When I got there, we chatted about different things, getting each other up to date on our lives. Then, we walked down Obispo to the entrance to Chinatown. There’s an Italian restaurant there called “Mimosa.” It is a very cozy place which stands out for its service, tastefully decorated in reddish tones and with small candlesticks on the tables. Generally speaking, it has a very relaxed atmosphere. The food is well prepared and the servings are large (such that eating more than two dishes is difficult).
We opted for an enormous mushroom, tomato and parmesan cheese pizza and a vegetable risotto. I practically devoured the food, for I had had an early and rather small breakfast.
I felt truly satisfied. Suddenly and unexpectedly, they turned out the lights and a recording of a birthday song began to play. This surprised me: a stranger was celebrating his or her birthday and chance had taken us to the same restaurant.
There was something nagging at me, however. I was afraid that the bill would be a bit high. There was also the mandatory tip. When they brought the bill, my friend was in the bathroom and I took a peek at it.
It hadn’t been a cheap meal. For the average Cuban, at least, it was no small expense. Her gift was something I cherished, something she was happily paying for, and I was thankful to her for it. Still, I felt a mixture of sadness and shame over the money she spent – we could have gone to the Museum of Fine Arts or the Chocolate Museum, more affordable places.
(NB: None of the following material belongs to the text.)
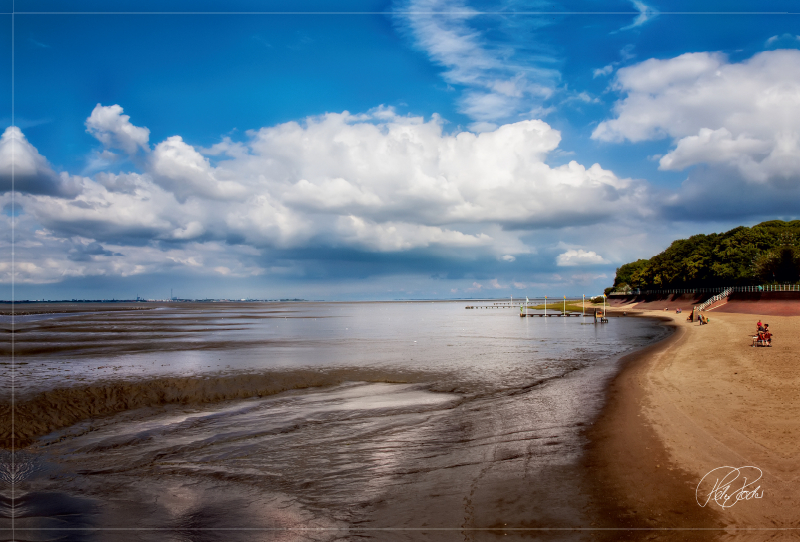 Friesland - Nordseebad Dangast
I don’t know whether this is the mark of poverty, feeling sorry for my compatriots, feelings that have been reflected in a mirror of poverty at many different points in my life, stemming from the certainty that they haven’t even been able to meet their most urgent needs. Still, I felt a bit embarrassed, particularly because I value this person’s friendship. Could it be “low-income” Cubans will never be normal people, that there is no chance of finding emotional balance in our country?
Hopefully I will soon be able to reciprocate with an invitation to dinner, one in which no one will care about the costs or restaurant bill, or the slim pockets of a Cuban who, at least, still has some dignity.